Les 19 et 20 novembre prochain, Dakar accueillera l’édition 2025 de Next Fintech Forum qui s’articulera autour de la stratégie fintech régionale pour transformer les économies locales. Dans une interview exclusive à DigitalMag, Djiba Diallo, stratège en transformation numérique, donne des éclairages sur les perspectives pour les banques et les fintech.
Le thème de la 7ème édition de Next Fintech Forum est : « Bâtir une stratégie fintech régionale pour transformer les économies locales dans la durabilité et l’inclusion ». Pourquoi le choix de ce thème ?
Le choix de ce thème est tout à fait en adéquation avec plusieurs facteurs, à la fois globaux et régionaux. Je vais en citer trois qui sont fondamentaux. Le premier, c’est dans un contexte global. D’après le rapport GSMA de 2024, l’Afrique compte plus de 1,1 milliard de mobile wallets. Quand je parle de mobile Wallet, je parle de ce qui est compte wallet qui est communément utilisé en Afrique et en Afrique de l’Ouest pour faire des transactions financières. Donc, l’Afrique a 1,1 milliard de ces wallets sur un total de 2 milliards dans le monde. Et les transactions financières en Afrique subsaharienne représentent 66% des transactions mondiales, des transactions digitales mondiales sur ces wallets.
Ces transactions ont contribué à 190 milliards de dollars dans le PIB des pays en Afrique subsaharienne. Ce qui en fait le continent leader quand il s’agit de monnaie digitale, de wallets, d’inclusion financière. L’Afrique est vraiment en avance sur le reste du monde dans ce domaine-là. Par ailleurs, l’Afrique de l’Ouest représente un tiers de la contribution dont je viens de faire état. Donc, un volume très, très important. Ça, c’est pour le contexte global. Quant au contexte régional, le taux de bancarisation strict, qui représente le pourcentage de la population qui a au moins un compte bancaire, dans la zone BCEAO, est autour de 25%.

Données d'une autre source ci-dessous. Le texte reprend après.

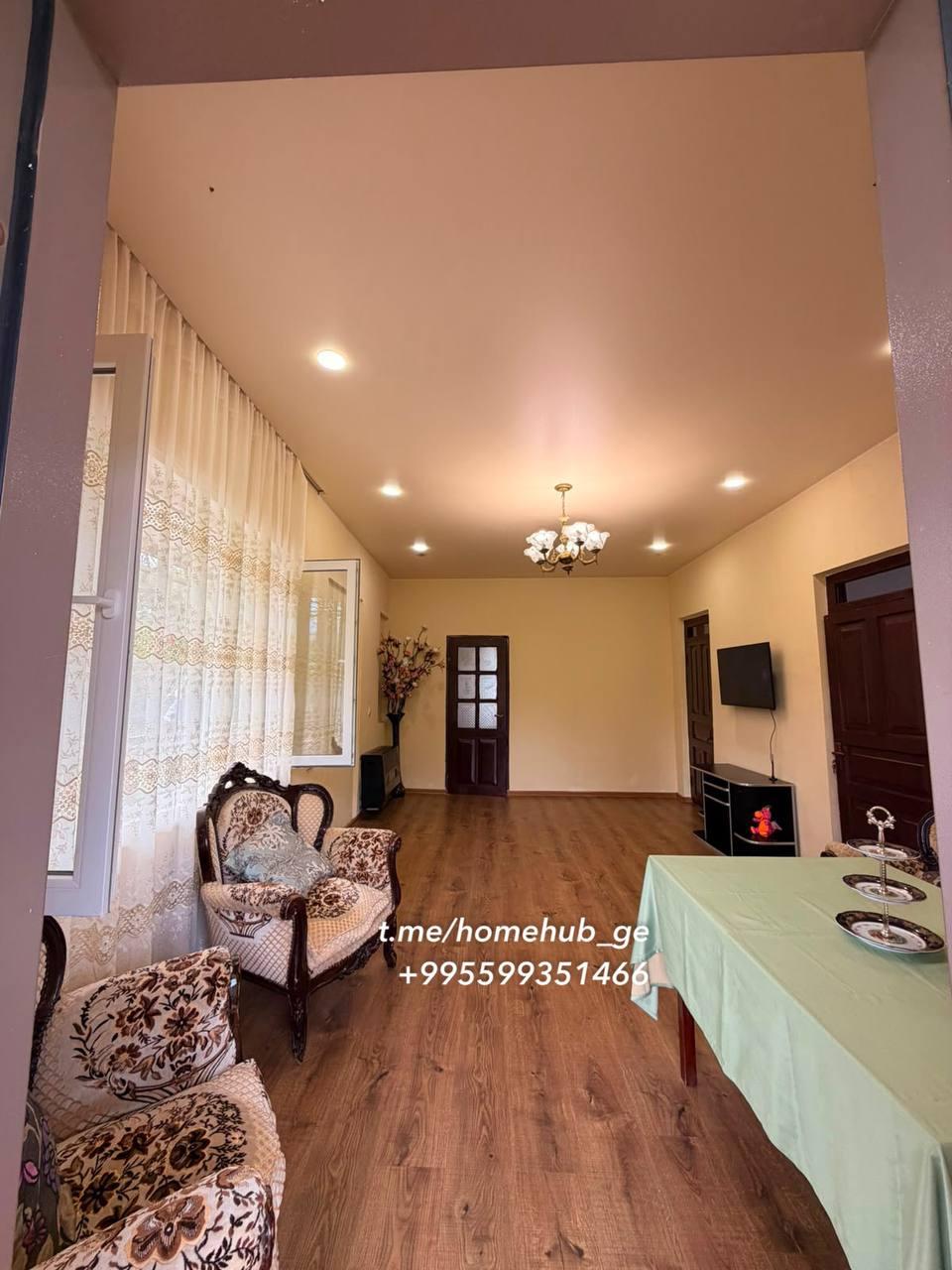 3-Room House For Rent In Chakvi, David Aghmashenebli St, 18 view 2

Et lorsqu’on prend le taux d’inclusion financière, qui inclut les détenteurs de wallets ou de monnaies digitales, on se retrouve à un taux global régional de plus de 73%, avec de bons élèves comme le Sénégal et la Côte d’Ivoire qui sont à plus de 80% et les meilleurs, le Togo et le Bénin, qui sont à 87%. Ce qui veut dire que dans la région, en réalité, le gap entre le taux de bancarisation strict et le taux d’inclusion financière, est comblé par les produits que les fintech apportent sur le marché. Pour tout dire, c’est grâce aux solutions digitales que les fintech apportent en Afrique de l’Ouest qu’aujourd’hui, on peut se prévaloir d’un taux d’inclusion financière assez élevé. Quand on atteint 80%, c’est quand même très significatif.
Entretemps, la BCEAO a adopté une régulation des fintech…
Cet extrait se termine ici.